Zainaugurowana wczoraj konferencja Microsoft Connect() była okazją do ogłoszenia decyzji o udostępnieniu kodu źródłowego frameworków WPF, Windows Forms I WinUI, ale nie tylko. Podczas imprezy swoją premierę ma także kolejna duża aktualizacja kluczowego środowiska w „ekosystemie” Microsoftu i nie tylko – testować można już Visual Studio 2019 Preview.

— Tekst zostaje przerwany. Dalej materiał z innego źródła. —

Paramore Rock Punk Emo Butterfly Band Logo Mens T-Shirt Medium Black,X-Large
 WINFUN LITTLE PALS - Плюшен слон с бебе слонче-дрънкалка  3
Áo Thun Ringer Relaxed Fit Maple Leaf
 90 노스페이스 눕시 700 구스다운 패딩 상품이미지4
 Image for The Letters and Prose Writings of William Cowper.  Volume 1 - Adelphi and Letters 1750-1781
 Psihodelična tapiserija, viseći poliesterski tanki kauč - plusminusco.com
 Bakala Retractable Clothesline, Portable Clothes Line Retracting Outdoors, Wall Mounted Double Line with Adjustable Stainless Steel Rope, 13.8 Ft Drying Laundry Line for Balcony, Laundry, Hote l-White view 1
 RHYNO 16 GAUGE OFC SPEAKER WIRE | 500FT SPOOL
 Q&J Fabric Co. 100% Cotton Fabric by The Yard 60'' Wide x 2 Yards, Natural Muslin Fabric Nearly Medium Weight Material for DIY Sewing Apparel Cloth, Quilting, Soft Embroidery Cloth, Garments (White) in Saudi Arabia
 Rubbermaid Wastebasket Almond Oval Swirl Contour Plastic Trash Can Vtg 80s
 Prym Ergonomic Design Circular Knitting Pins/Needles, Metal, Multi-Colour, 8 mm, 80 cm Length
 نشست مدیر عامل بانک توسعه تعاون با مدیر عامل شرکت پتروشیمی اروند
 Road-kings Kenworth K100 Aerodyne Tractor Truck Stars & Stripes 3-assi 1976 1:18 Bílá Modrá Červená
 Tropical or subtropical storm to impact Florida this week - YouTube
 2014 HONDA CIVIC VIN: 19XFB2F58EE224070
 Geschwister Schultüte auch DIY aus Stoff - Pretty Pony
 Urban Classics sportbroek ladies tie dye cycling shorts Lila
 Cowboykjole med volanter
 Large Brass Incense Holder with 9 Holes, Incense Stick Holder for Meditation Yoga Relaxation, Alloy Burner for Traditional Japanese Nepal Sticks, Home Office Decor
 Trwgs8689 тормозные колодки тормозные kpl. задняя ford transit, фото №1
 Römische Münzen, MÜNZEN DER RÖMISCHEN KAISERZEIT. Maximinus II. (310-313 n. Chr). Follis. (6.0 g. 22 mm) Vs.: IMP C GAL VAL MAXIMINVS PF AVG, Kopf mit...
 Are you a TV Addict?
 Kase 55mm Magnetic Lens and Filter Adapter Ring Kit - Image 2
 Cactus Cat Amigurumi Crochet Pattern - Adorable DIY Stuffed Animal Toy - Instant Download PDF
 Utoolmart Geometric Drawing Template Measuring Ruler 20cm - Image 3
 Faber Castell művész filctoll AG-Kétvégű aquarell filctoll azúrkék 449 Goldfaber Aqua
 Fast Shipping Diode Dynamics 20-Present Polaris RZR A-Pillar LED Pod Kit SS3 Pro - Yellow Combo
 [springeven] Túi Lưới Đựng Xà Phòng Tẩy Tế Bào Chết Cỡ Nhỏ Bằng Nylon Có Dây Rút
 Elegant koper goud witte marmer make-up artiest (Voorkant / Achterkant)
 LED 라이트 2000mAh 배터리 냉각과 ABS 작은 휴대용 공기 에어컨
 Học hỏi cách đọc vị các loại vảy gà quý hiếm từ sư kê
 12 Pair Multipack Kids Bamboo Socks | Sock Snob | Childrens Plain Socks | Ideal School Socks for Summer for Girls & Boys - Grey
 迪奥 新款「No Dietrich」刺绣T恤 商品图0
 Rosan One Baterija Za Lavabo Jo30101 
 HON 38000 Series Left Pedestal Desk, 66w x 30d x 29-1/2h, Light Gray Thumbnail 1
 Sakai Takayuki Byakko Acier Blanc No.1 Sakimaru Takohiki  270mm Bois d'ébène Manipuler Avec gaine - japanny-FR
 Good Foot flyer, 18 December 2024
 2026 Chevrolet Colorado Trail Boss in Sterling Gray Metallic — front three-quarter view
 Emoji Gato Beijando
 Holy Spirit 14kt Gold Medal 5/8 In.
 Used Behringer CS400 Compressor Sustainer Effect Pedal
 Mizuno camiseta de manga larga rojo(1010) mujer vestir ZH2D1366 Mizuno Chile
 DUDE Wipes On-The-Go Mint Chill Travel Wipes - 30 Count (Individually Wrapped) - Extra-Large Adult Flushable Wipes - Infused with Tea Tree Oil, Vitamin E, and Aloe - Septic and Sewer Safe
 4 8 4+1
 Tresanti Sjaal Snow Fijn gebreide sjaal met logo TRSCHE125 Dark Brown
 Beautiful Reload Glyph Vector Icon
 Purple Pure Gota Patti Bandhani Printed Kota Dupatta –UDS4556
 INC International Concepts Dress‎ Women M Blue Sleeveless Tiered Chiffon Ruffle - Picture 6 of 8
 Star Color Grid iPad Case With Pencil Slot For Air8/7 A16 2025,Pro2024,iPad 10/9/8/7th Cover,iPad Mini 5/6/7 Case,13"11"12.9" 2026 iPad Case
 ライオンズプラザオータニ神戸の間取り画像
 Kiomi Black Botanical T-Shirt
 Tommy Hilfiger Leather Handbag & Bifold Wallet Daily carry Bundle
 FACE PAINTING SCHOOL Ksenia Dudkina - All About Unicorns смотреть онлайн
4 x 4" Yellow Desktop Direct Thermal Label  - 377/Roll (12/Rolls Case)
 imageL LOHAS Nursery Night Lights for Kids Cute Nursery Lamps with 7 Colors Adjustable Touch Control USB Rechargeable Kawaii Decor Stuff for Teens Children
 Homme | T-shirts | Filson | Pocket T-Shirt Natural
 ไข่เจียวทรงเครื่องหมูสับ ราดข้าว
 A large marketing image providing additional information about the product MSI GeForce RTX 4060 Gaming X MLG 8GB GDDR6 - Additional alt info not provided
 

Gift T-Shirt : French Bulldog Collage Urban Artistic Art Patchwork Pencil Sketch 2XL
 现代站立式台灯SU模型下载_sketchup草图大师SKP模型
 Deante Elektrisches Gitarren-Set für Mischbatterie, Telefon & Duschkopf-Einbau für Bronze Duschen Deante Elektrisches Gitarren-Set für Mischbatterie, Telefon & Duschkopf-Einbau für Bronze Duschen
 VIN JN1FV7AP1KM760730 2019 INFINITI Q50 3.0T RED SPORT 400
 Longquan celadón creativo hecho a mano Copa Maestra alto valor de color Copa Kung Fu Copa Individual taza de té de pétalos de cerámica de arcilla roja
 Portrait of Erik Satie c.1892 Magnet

Liczne zmiany w interfejsie
Lista zmian w nowej wersji IDE jest długa i wcale nie są to zmiany kosmetyczne. Już na pierwszy rzut oka można zauważyć, że mamy do czynienia z nową wersją Visual Studio. Wszystko to za sprawą solidnie odświeżonego interfejsu. Mniejsze lub większe modyfikacje pojawiły się w zasadzie wszędzie – począwszy od ikony, przez nowe okno powitalne, na uproszczonych paskach narzędziowych i nieco zmienionych karnacjach kończąc. Czy wprowadzone zmiany przekładają się na ergonomię interfejsu? Z całą pewnością Visual Studio jest teraz czytelniejsze, mniej ponure, a na szczególną pochwałę zasługują zmiany na ekranie powitalnym – teraz faktycznie oferuje on dostęp do najpotrzebniejszych na starcie funkcji.
Jeszcze więcej wspólnego kodowania
Oprócz zmian w interfejsie, aktualizacja Visual Studio 2019 przynosi także liczne nowe funkcje – zdecydowano na przykład, że domyślnie preinstalowane będzie rozszerzenie Visual Studio Live Share, czyli program umożliwiający wspólne kodowanie wraz z wzajemnym podglądem wkładu w kod przez współpracujących programistów. Trzeba przyznać, że podobne rozwiązanie są w ostatnim czasie w modzie – jakiś czas temu rozszerzenie Teletype o niemal dokładnie takiej samej funkcjonalności dla edytora Atom zaprezentował GitHub. Trudno się dziwić – nawet jeśli na co dzień programiści rzadko korzystają z możliwości wspólnej zdalnej pracy nad jednym kawałkiem kodu, to jest to świetna metoda na przykład na dzielenie się doświadczeniem i pomysłami.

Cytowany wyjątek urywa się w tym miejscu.